To do: Go to the line that contains "Complete guide bible" in the records below and repeat it, and each line after it, exactly through the end, omitting pictures.

(Information supplied begins)

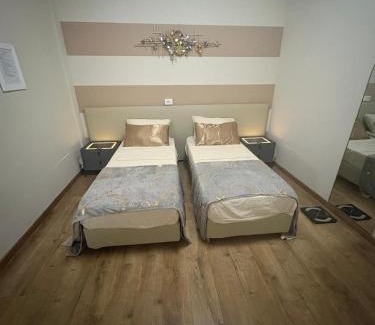 Stazione Casa | Residenza Miele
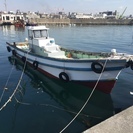 今週中だけ値下げ20万円激安漁船　明石市　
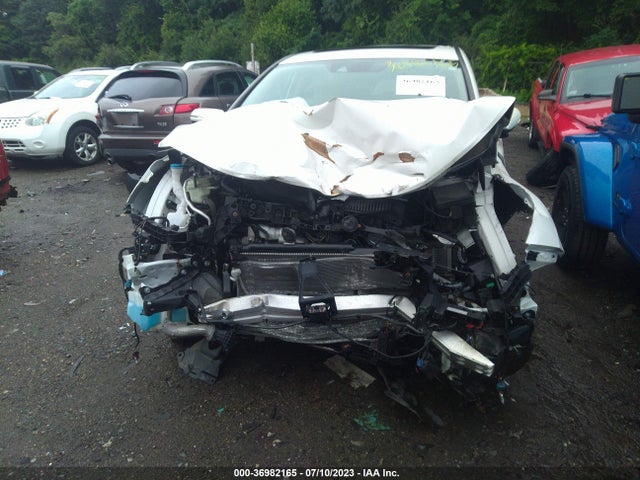 Honda CR-V EX 2018 5J6RW2H59JL020940 Image 6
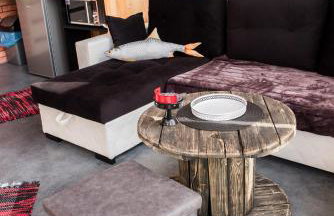 Totutaj Wejsuny - klimatyczne domki z basenem - Foto 23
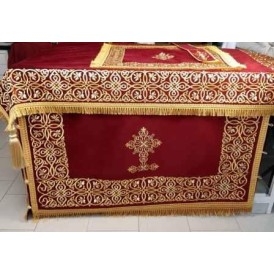 ΚΑΛΥΜΜΑ ΑΓΙΑΣ ΤΡΑΠΕΖΗΣ...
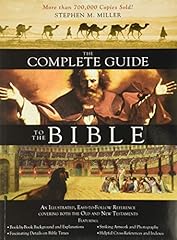 Complete guide bible for sale  Delivered anywhere in USA 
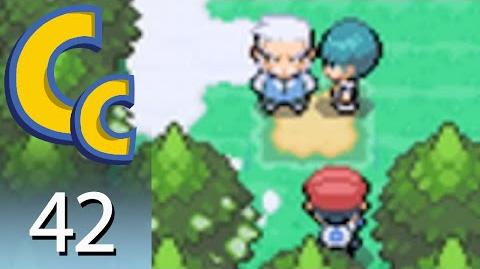 Pokémon Platinum - Episode 42: Defending the Homeland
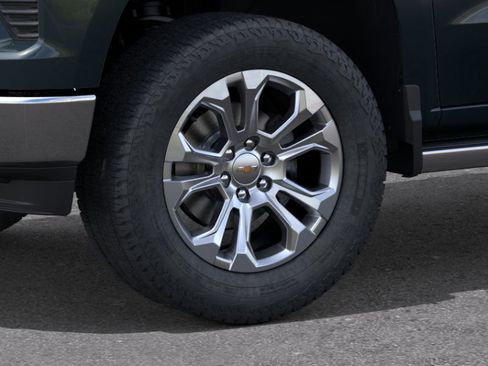 New 2026 Chevrolet Silverado 1500 LTZ image 33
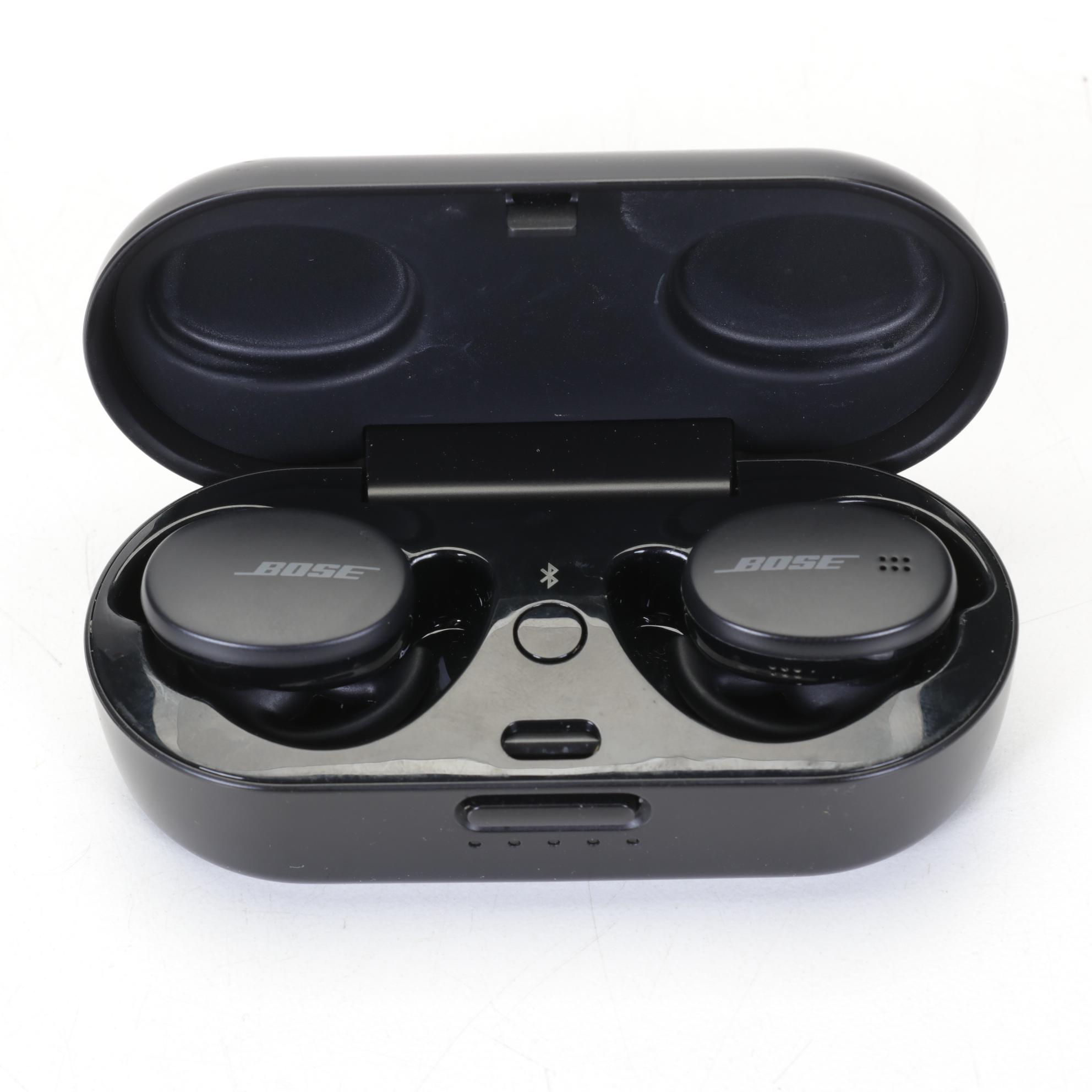 Bose Wave Radio, CD Player and Alarm Clock with Sport Earbuds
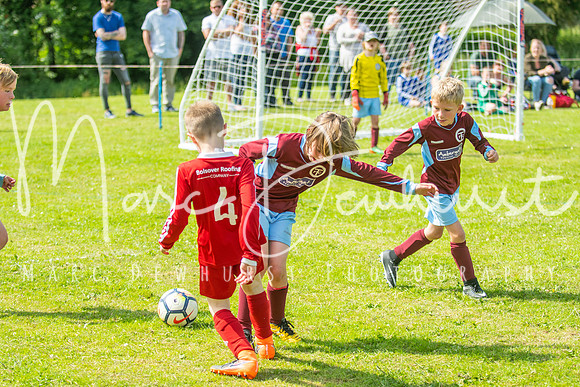 Under 8's action-94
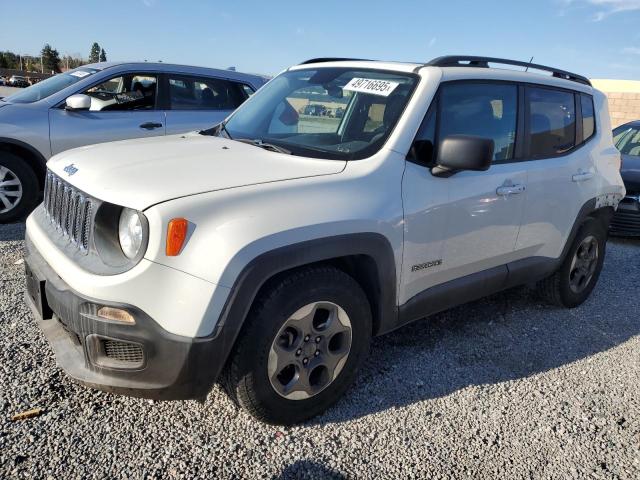 2016 Jeep Renegade Sport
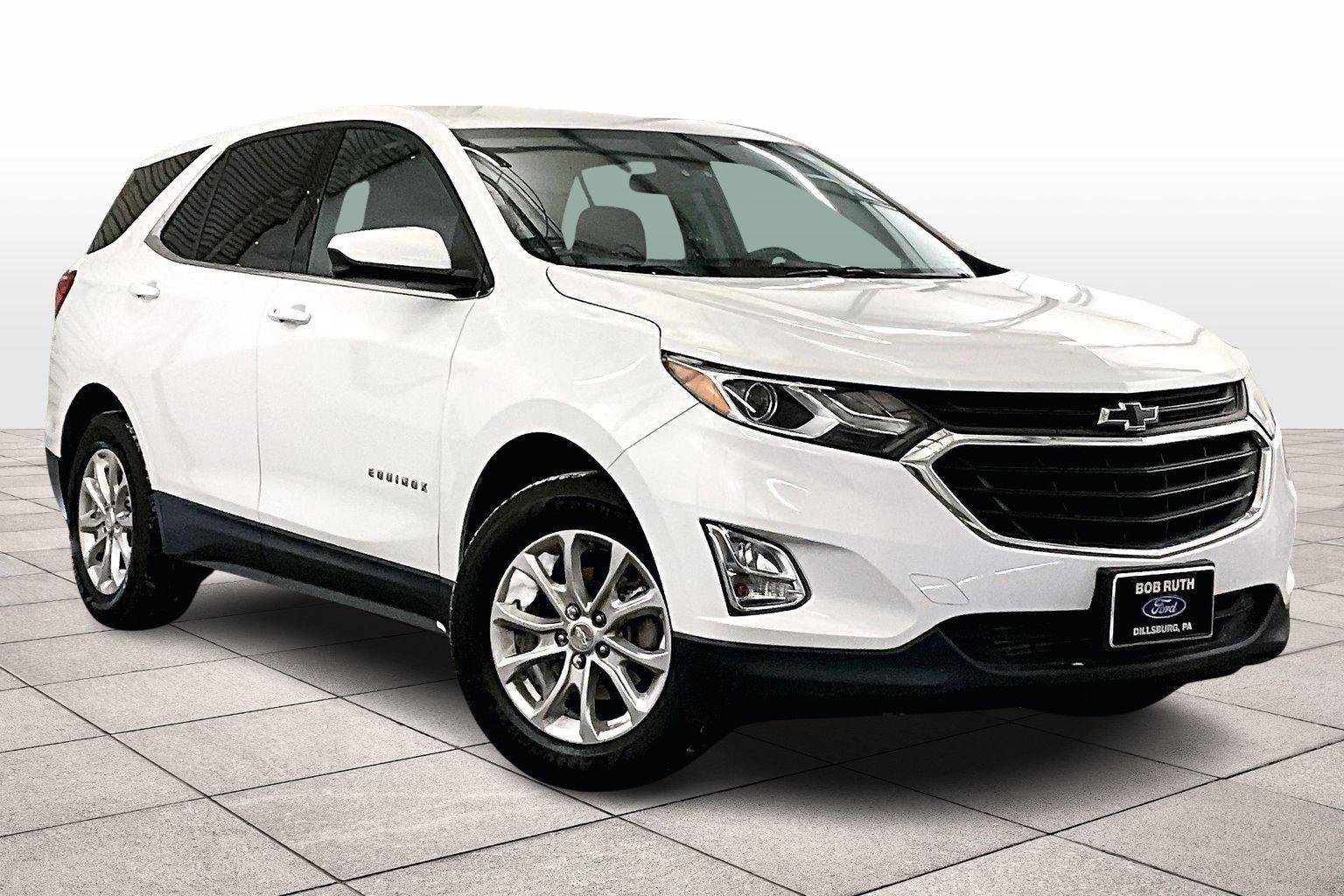 Used 2020 Chevrolet Equinox LT image 2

(Information supplied ends)

Result of this exercise:
 Complete guide bible for sale  Delivered anywhere in USA 
 Pokémon Platinum - Episode 42: Defending the Homeland
 New 2026 Chevrolet Silverado 1500 LTZ image 33
 Bose Wave Radio, CD Player and Alarm Clock with Sport Earbuds
 Under 8's action-94
 2016 Jeep Renegade Sport
 Used 2020 Chevrolet Equinox LT image 2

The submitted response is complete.